Merkel reconheceu que cada região do país tinha um nível de infecção próprio e deveria adequar as soluções, mas também anunciou um “mecanismo emergencial”, que exige que toda área cujo número diário de infecções exceda o de 50 por 100 mil habitantes durante sete dias reinstaure as restrições até que fique abaixo do limite. “Se a incidência for local, não esperaremos que se espalhe pelo país inteiro; é preciso agir na contenção”, completou.

A Alemanha realiza cerca de 142 mil exames por dia, e já começou a realizar também diversos testes de anticorpos aleatórios. As novas infecções diárias vêm caindo constantemente, ficando abaixo de mil pela primeira vez em mais de um mês e meio.

Enquanto o aplicativo de rastreamento não é introduzido, projeto que vale para todo o continente, mas agravado por atrasos e desentendimentos, centenas de médicos e enfermeiros recém-treinados estão apelando para o celular para rastrear e informar qualquer um que possa ter tido contato com um infectado para quebrar a cadeia de disseminação.
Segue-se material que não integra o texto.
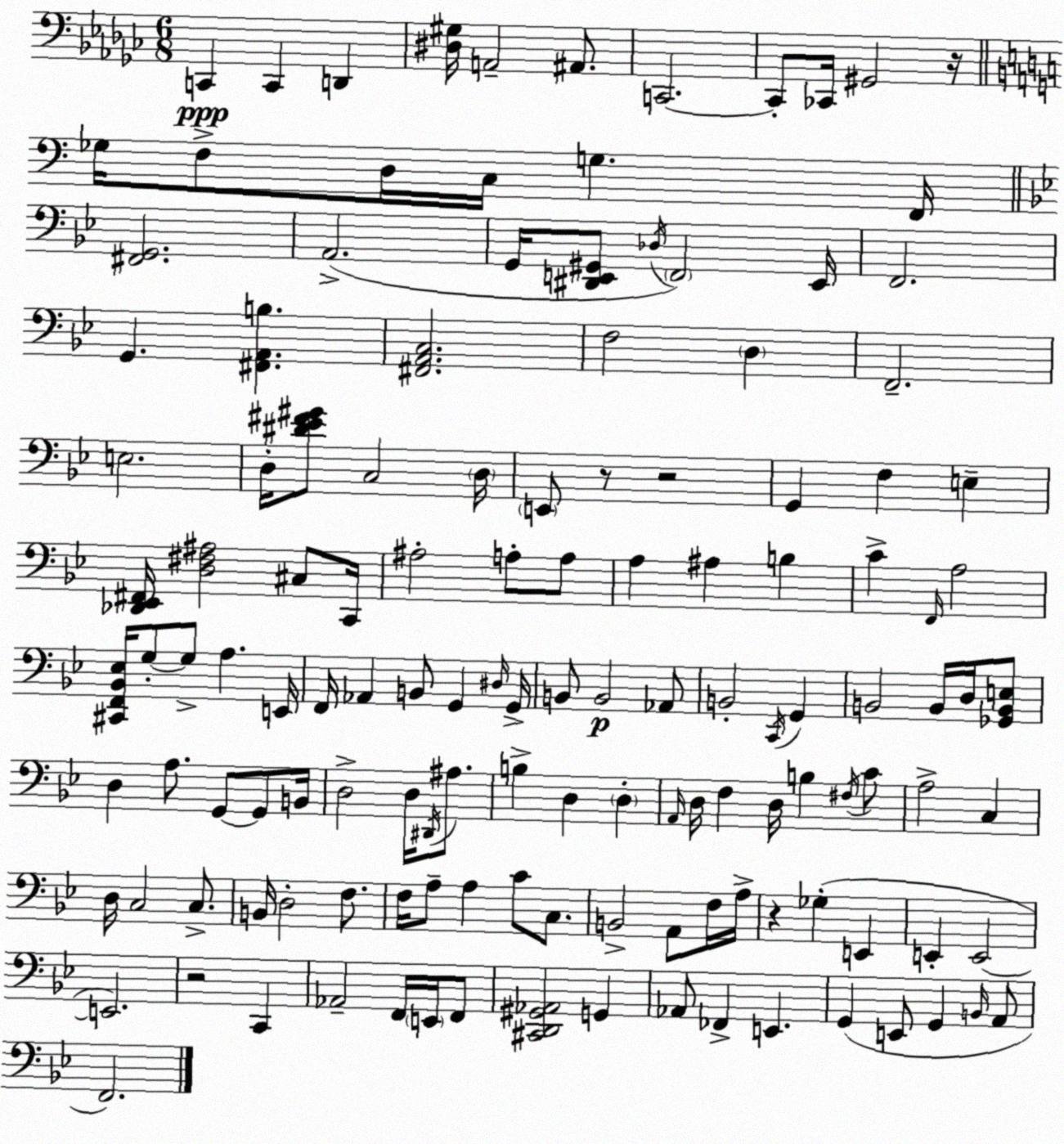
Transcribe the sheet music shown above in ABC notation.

X:1
T:Untitled
M:6/8
L:1/4
K:Ebm
C,, C,, D,, [^D,^G,]/4 A,,2 ^A,,/2 C,,2 C,,/2 _C,,/4 ^G,,2 z/4 _G,/4 F,/2 D,/4 C,/4 G, F,,/4 [^F,,G,,]2 A,,2 G,,/4 [^D,,E,,^G,,]/2 _D,/4 F,,2 E,,/4 F,,2 G,, [^F,,A,,B,] [^F,,A,,C,]2 F,2 D, F,,2 E,2 D,/4 [^D_E^F^G]/2 C,2 D,/4 E,,/2 z/2 z2 G,, F, E, [_D,,_E,,^F,,]/4 [D,^F,^A,]2 ^C,/2 C,,/4 ^A,2 A,/2 A,/2 A, ^A, B, C F,,/4 A,2 [^C,,F,,_B,,_E,]/4 G,/2 G,/2 A, E,,/4 F,,/4 _A,, B,,/2 G,, ^D,/4 G,,/4 B,,/2 B,,2 _A,,/2 B,,2 C,,/4 G,, B,,2 B,,/4 D,/4 [_G,,B,,E,]/2 D, A,/2 G,,/2 G,,/2 B,,/4 D,2 D,/4 ^D,,/4 ^A,/2 B, D, D, A,,/4 D,/4 F, D,/4 B, ^F,/4 C/2 A,2 C, D,/4 C,2 C,/2 B,,/4 D,2 F,/2 F,/4 A,/2 A, C/2 C,/2 B,,2 A,,/2 F,/4 A,/4 z _G, E,, E,, E,,2 E,,2 z2 C,, _A,,2 F,,/4 E,,/4 F,,/2 [^C,,D,,^G,,_A,,]2 G,, _A,,/2 _F,, E,, G,, E,,/2 G,, B,,/4 A,,/2 F,,2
Segundo o Instituto Robert Koch, a versão local do Centro de Controle de Doenças, quatro em cada cinco dos 164.807 casos conhecidos de infecção na Alemanha se recuperaram, com menos de sete mil mortos, número bem mais baixo que o de muitos vizinhos.

“Juntos, conquistamos um grande sucesso. Se preservarmos essa conquista com cuidado, os números permanecerão baixos. Manter distância, sem dúvida, faz parte da nova realidade diária”, afirmou o presidente da instituição, Lothar Wieler.

Uma área cuja reabertura está bem longe por enquanto é a de grandes eventos públicos. Shows, atividades esportivas e festivais estão proibidos até pelo menos 31 de agosto.

Mas os especialistas alertam: até a Alemanha está arriscada a sofrer uma segunda onda de infecções. Isso porque o vírus tem um período de incubação de duas semanas e pode ser transmitido por assintomáticos, o que dificulta o monitoramento.

“O problema de afrouxar as medidas é que você só vê o efeito depois de duas semanas. E, quando age rápido demais, vê o vírus se reproduzindo rápido demais também. Aqui na Alemanha tivemos a vantagem de reduzir tanto os números da infecção que temos capacidade excedente nos hospitais. Ao contrário dos EUA, temos cacife para bancar o experimento”, afirma Thomas Hotz, matemático responsável pelo modelamento do número de reproduções do vírus.